While the allure of cities is undeniable, behind the scenes, millions of dollars are silently slipping through the cracks due to food waste. To combat this, we must adopt a holistic approach. Educating consumers about responsible purchasing and portion control, encouraging retailers to revise strict cosmetic standards, and investing in better storage and transportation systems are essential. Additionally, supporting food recovery programs and embracing technology to track and manage inventory can make a substantial impact. By working together, we can transform our urban landscapes and build a more sustainable future.

By Maha Qureshi
O2I Volunteer

Re-use Food Waste the SUV Way

Food waste has reached epidemic proportions across the nation. Dumpsters located outside of every supermarket, restaurant, farmer’s market or any other place that sells food is filled with usable food. Sustainable Urban Village (SUV) has a proven plan that will educate the population on ways to reduce (prevent) and re-use (recover, recycle) food waste.

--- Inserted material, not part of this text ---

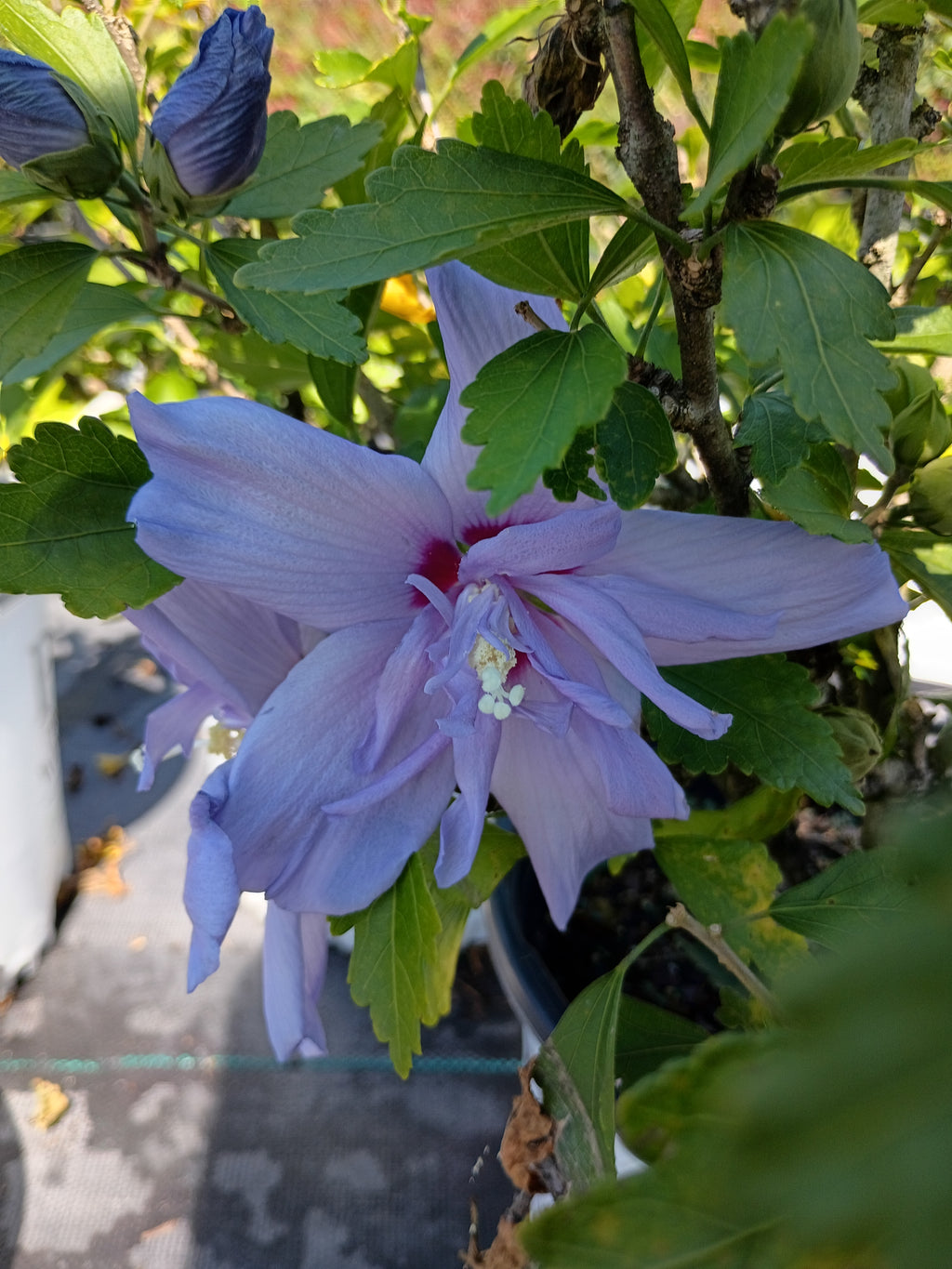3 GALLON HIBISCUS - ROSE OF SHARON - BLUE CHIFFON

What is food waste? It’s food that could have been eaten but wasn’t for various reasons. Produce that is not ‘pretty’ becomes food waste because no one wants to buy a “Wonky” apple or an oddly shaped tomato. Leftover food from restaurants becomes food waste and excess produce from farms are thrown as there are no buyers for them. Households produce food waste because we buy more fresh food than we can consume before it goes bad.

Making people aware of the food waste problem is a step towards correcting the problem. SUV has an Awareness Center that will help people understand the food waste problem and learn ways to prevent it. Self-Awareness, Community Awareness, and Corporate Awareness are all a part of the program to educate people on all levels of things they can do to prevent food waste from occurring.  

Reducing the amount of food, we purchase is one step everyone can take towards preventing food waste. Instead of purchasing 4 bananas and tossing out 1 at the end of the week because it became over-ripe, just buy 3 bananas.
Using the same banana example, when you notice 1 of the bananas is becoming over-ripe, put it in the freezer for future use in a smoothie or banana bread. That’s called ‘re-purposing’ food and it will reduce food waste.

A compost center included in the SUV will convert the manure from the animals on the farm as well as waste from yards, gardens and food using a converter, so it can decompose and be used to improve soil fertility. The compost will enable the soil to produce more food, so the sustainable cycle can continue for everyone living in the Sustainable Urban Village.

SUV has an animal farm included in its plan to reduce food waste. Both good and bad food will be collected from those living in the neighborhood and used to feed the farm animals. What was once wasted food will become food with a purpose and feed livestock. Animals, like chickens, goats, and cows, will be fed with this nutrient-rich food waste and in turn, will provide fresh food like milk for those living in the Sustainable Urban Village.